How to maximize the capabilities of those responding to production outages

Aug 14, 2023

💡 You can also listen to this post via a podcast or find it on YouTube with some handy visuals.

I’ve been part of the “incident commander” at a large, multi-national European eCommerce fashion company for the last couple of years. Through this, and my time as a Site Reliability Engineer, I have been exposed to numerous incidents, from the occasional “… this is not an incident. We can just deal with this tomorrow” to the “we need the CTO on the phone right now”. It’s a hugely exciting role that I would encourage peers to consider as part of their personal development.

To that end, let’s go into what an “Incident Commander” is, their roles and responsibilities, how to prepare for the role, and what the role looks like in practice.

Incident Response

Rather than dig into the incident response details, I’d encourage you to read the article “I hereby declare this an incident” and “Help! I’m now on call!”. They go through this in substantially more detail.

For incident commanders, a few things are worth calling out especially. These include Severity, Stakeholders and Maturity.

Severity

The severities that we see as an incident commander can vary pretty widely; everything from “someone deployed something bad and should roll it back” to “this is going to appear on the news tomorrow, and we’d better wake up the crisis management team to prepare the required press releases”. We’re usually the most senior stakeholder in the room — indeed, the most empowered unless a VP or CTO turns up — and we thus need to make a set of decisions factoring in the current level of impact, the risk of future impact and the likelihood of recovery.

To that end, we need to understand the significance of our issue quickly.

Stakeholders

On paper, only a few people are involved in incident response — the responder fixing the issue, the scribe making notes and you as the incident commander.
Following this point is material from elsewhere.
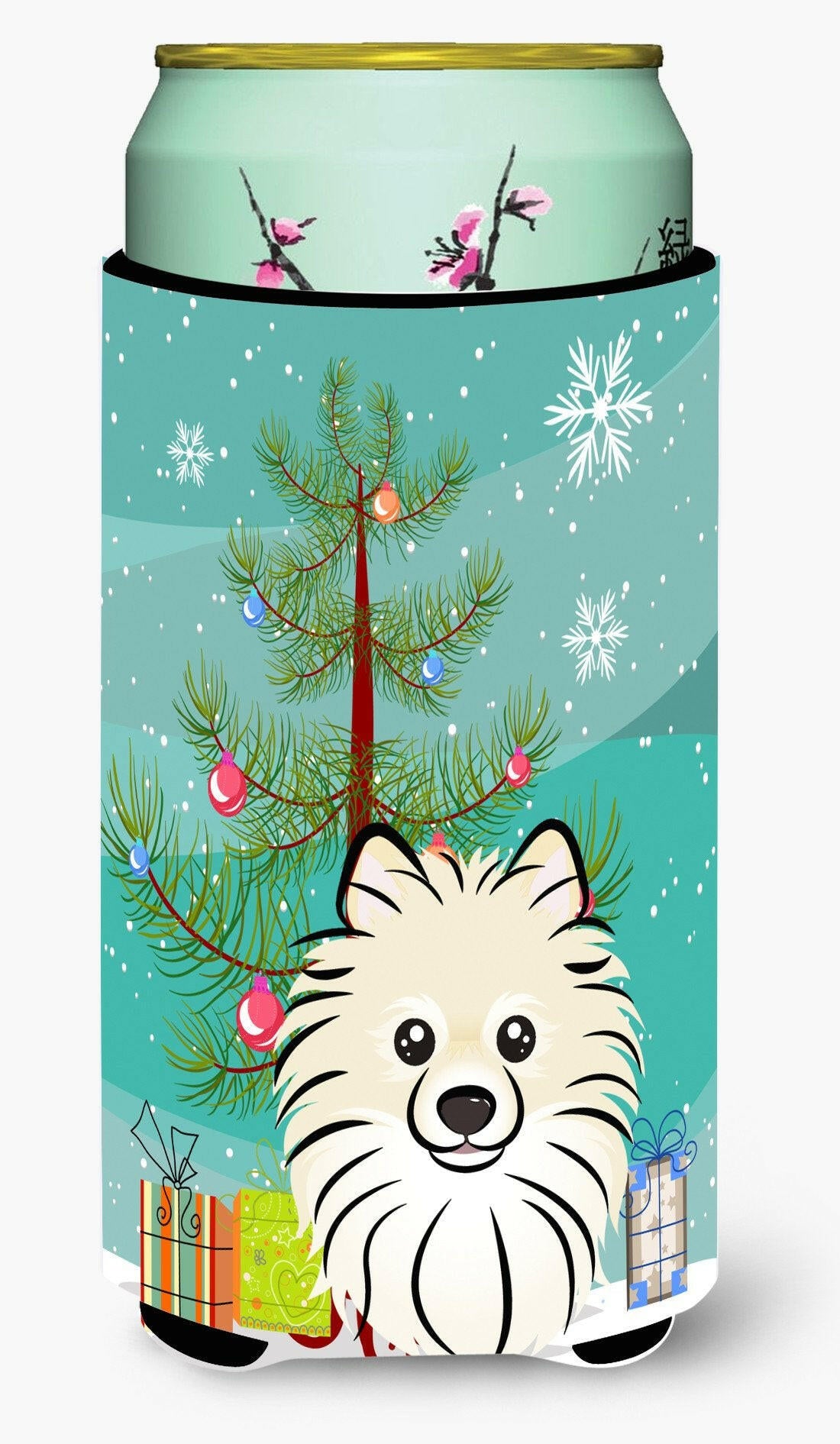 Christmas Tree and Pomeranian Tall Boy Beverage Insulator Hugger BB1579TBC by Caroline&#39;s Treasures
In practice, as the issue gets more significant, many stakeholders turn up. We have:

Management is looking for clarity on the current issue and to make it clear that it deserves the focus of all people required. Also, to offer help and coordination.
Sideline Experts who are watching the incident on a public channel or otherwise doing off-book investigation and who have learned something they believe is beneficial.
Product Owners who are suddenly powerless to do their work and are watching their hard-earned customer trust wash away.
Non Experts are trying to help by supplying additional information or reporting the issue in parallel without understanding the existing context.

Each of these stakeholders requires a level of coordination to ensure they either can contribute to or at least do not hinder the response.

Maturity

In principle, an organisation optimizes to ensure things are available. They usually have a group of people tasked with this responsibility and allocate those people the time and effort required to practice and improve their response.

In practice, an organization comprises a diverse set of people, each of whom has a unique set of expertise and capabilities. Sometimes those capabilities are less developed than we might expect, given a person’s assigned responsibility as an on-call engineer.

They might:

Freeze. Due to an incident's sheer stress, a responder might not think clearly and either freeze entirely or get stuck hyperfocused on an irrelevant part of the investigation. This is understandably exaggerated if that responder also triggered the incident.
Offload Responsibility. A responder might review their systems, conclude nothing is wrong, and thus, it’s someone else problem. They’ll involve them and then leave. This is understandable but unacceptable during response — information usually evolves too quickly to step away before it’s repaired.
Not know. A responder might not know how to debug a system, where a systems telemetry is or what the consequence of a given decision might be for the business.

These are all surprising during the process of a response, but over a long enough time happen predictably. It’s part of an incident commander’s mandate to try and help responders overcome these challenges.

Role

So, an incident has happened, and the incident commander has been paged. They’re reading the chat and understand the severity of an incident, the stakeholders that are appearing and the maturity of those involved. What’s their actual role in this mess?

An incident commander is tasked with structuring the response to minimise the impact on the business. The practicalities of this include:

Structuring Communication

An incident is a high-stress moment with many people coordinating around a single issue. Frequently, people start to take shortcuts with their communication, and messages become things like:

A: flop system is broke
B: broke?
A: yeah broke it doesn’t work anymore
C: A what does the graph say
B: it works for me
A: no its broke

Or similarly vague requests. With stressed people, this quickly deteriorates and can end up with people either getting “snippy” with each other, making demands or working in parallel and not talking. As more and more people join the chat, it becomes unworkable, and we lose valuable time just understanding each other rather than analyzing the problem to intervene.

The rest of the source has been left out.